What is required — Set down each line from the line holding "Trasplante de cabello antes y después - 17" to the last line of the entries below, exactly, with both ends included and without pictures.

Records provided —
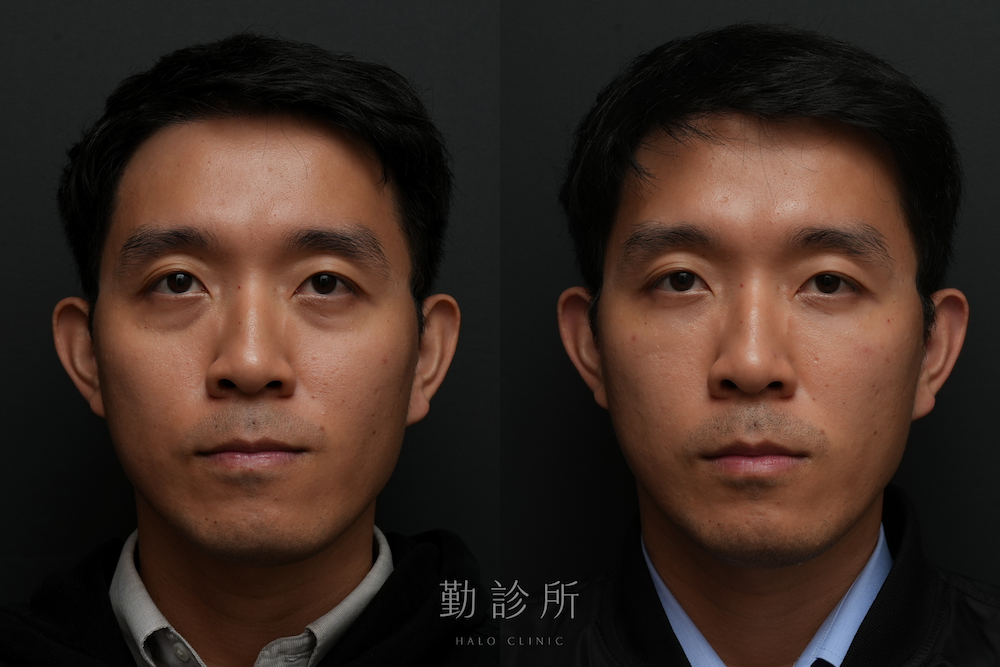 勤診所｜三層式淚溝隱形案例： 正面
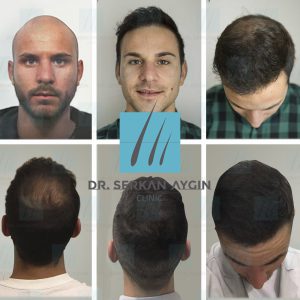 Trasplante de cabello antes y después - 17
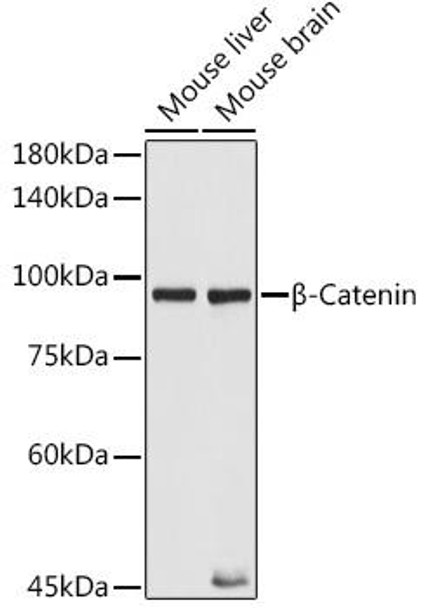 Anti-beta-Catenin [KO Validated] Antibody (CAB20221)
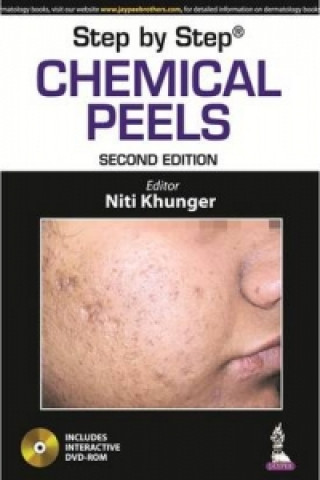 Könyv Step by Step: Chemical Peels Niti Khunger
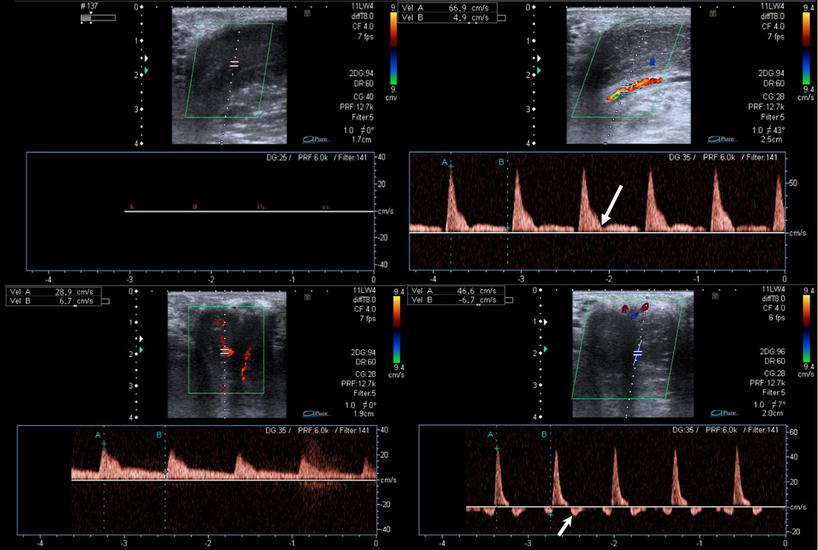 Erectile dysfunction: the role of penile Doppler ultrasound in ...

Result below —
 Trasplante de cabello antes y después - 17
 Anti-beta-Catenin [KO Validated] Antibody (CAB20221)
 Könyv Step by Step: Chemical Peels Niti Khunger
 Erectile dysfunction: the role of penile Doppler ultrasound in ...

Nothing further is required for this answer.